SAN FRANCISCO — The window is quickly shutting for the 2018 Giants, but after losing five of their last six games, Friday’s starting nine attempted to prevent it from closing altogether.
Manager Bruce Bochy and members of the Giants’ front office met for nearly an hour before Friday’s 13-10 win against the Pittsburgh Pirates to discuss the direction of a club that began the day two games under .500 with just 46 left to play.
“We just talked about some things, which we do three to four times a year,” Bochy said. “We talked about the club and ways we can get better.”
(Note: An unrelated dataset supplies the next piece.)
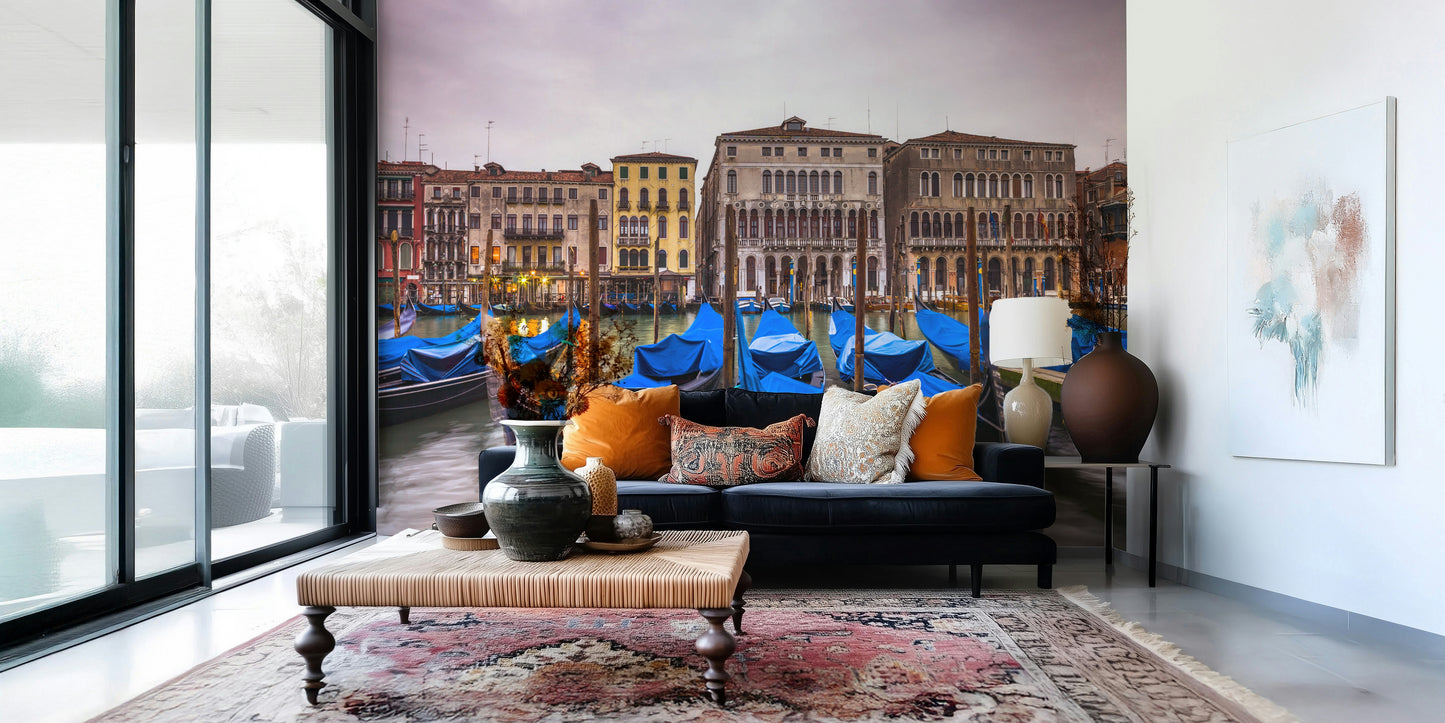Wall mural, historic Venetian architecture, blue covered gondolas.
Although Giants players weren’t involved in the meeting, they appeared to feel a sense of urgency at the plate as San Francisco tied a season high with 13 runs and scored 10 in the first four innings.
With their backs up against the wall, the Giants leaned on their backstop to lead the charge against the Pirates. Although every starter had a hit by the fifth inning, catcher Buster Posey was the primary offensive catalyst as he recorded his second four-hit game of the season and extended an early lead with a two-run single in a four-run third inning.
The Giants carried an eight-run edge into the seventh, but the final innings were tense for both sides as Pirates catcher Francisco Cervelli launched a grand slam off reliever Pierce Johnson to cut Pittsburgh’s deficit in half. In the bottom of the inning, former Giants reliever Kyle Crick hit Evan Longoria in the back with a fastball before brushing back Joe Panik with another four-seamer.
Longoria stayed in the game and scored, but exited in the top of the eighth and was replaced by Chase d’Arnaud. The Giants third baseman was visibly upset after taking a pitch to his back and several members of the roster voiced their displeasure with Crick from the dugout.
As Crick’s Pirates hang around in the wild-card race, the player he was traded for attempted to propel the Giants back into it Friday. Right fielder Andrew McCutchen set the tone for the evening with an opposite-field home run to lead off the bottom of the first and drew a bases loaded walk to bring home the first third-inning run.
McCutchen’s name was certainly discussed in the Giants’ Friday meeting, as he’s a trade candidate who is destined to garner interest from contending teams if the Giants elect to place him on waivers. Moving McCutchen would provide the franchise with enough financial relief to steer completely clear of the $197 million luxury tax threshold, but the Giants will hang onto him if they can string together more performances like Friday’s.
Placing veterans like McCutchen and reliever Sam Dyson on waivers will remain an option for the Giants unless they begin to gain significant ground in the division or wild-card races over the next few weeks, but it will be difficult for the team to part with free agent-to-be, starter Derek Holland.
Although Holland could slot in nicely with a team looking to boost its playoff rotation, the Giants’ starting staff is already short-handed and the organization lacks high-end pitching prospects deserving of late-season big-league showcases.
Holland has been one of the Giants’ most consistent players all season and he logged six innings of three-run ball before his ERA took a hit when Johnson allowed two base runners who reached against Holland to score.